= Titus Flavius Norbanus =

1st-century Roman equites, governor and praetorian prefect

Titus Flavius Norbanus was a Roman equites who was active during the reign of Domitian. He is known for his activities while holding two imperial posts: governor of Raetia, and Praetorian prefect.

Norbanus' identity has posed a problem. Until recently he was mentioned only three times in the primary sources: as "Norbanus Lappius" in the Epitome de Caesaribus; and twice as simply "Norbanus", once in a poem addressed to him by Martial, the second time by Dio Cassius in his history. A name ("Lappius Maximus") in a letter quoted by Pliny the Younger in one of his letters, was thought to apply to him. Thus he had been surmised to be Lucius Appius Maximus Norbanus, a composite identity with Aulus Bucius Lappius Maximus. Then a military diploma from Bulgaria was published in the late 1950s showing "Lappius" was likely a different person from Norbanus. That they were two different people was definitely proven by another military diploma published by Werner Eck and Andreas Pangerl in 2007, giving both his praenomen and gentilicium: "Titus Flavius". It was now clear that the author or a copyist of de Caesaribus had muddled the two men into one.
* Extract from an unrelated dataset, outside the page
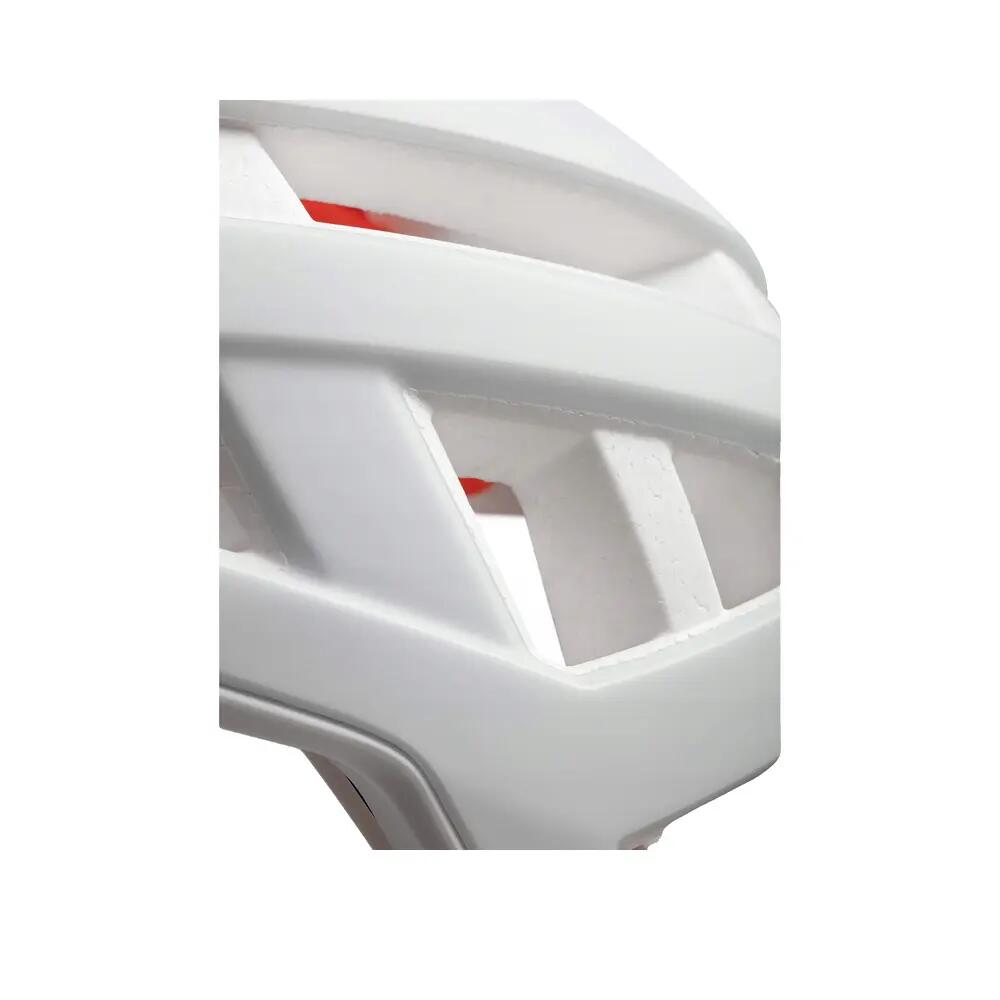 Cascos de escalada Mammut Crag Sender Branco 6/9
In addition, Eck and Pangerl drew attention to one implication of Norbanus' complete name: these two elements imply that Norbanus was a relation to emperor Vespasian and his sons, for we find "Titus Flavius" is a common element in the names of many of their relatives.

== Governor of Raetia ==
At least as early as 13 May AD 86, Norbanus was procurator of Raetia, as attested by the military diploma published in 2007. He still held this post in January 89 when Lucius Antonius Saturninus, governor of Germania Superior, revolted against the emperor Domitian.

The reasons for Saturninus' revolt defy investigation. Both Norbanus and Aulus Bucius Lappius Maximus, governor of Germania Inferior quickly responded; Lappius Maximus with detachments of the legions under him, Norbanus with troops drawn from the four alae and eight cohortes stationed in Raetia. The two governors defeated Saturninus with his two legions before his allies the Chatti could cross the Rhine. The expert consensus is that for his loyalty at this critical moment Norbanus was rewarded with promotion to praetorian prefect, one of the three most prestigious offices an eques could aspire to.

== Praetorian prefect ==
When Norbanus entered into the office of praetorian prefect is not precisely known. Some experts suggest that he was first prefect of Egypt for a brief time. No positive confirmation of this post has been found, and there is little room to insert him into the list of governors of this province: based on the work of Guido Bastianini, there is a possible gap around the year 90 when there are no precisely dated documents attesting to either Marcus Mettius Rufus or Titus Petronius Secundus in office, and a more substantial gap of precisely dated documents in 93 between Secundus and Marcus Junius Rufus. However, in his poem, which dates to either 94 or 95, Martial mentions that Norbanus has returned to Rome after an absence of 6 years, making it unlikely that Norbanus proceeded directly from Raetia to command of the Praetorian Guard.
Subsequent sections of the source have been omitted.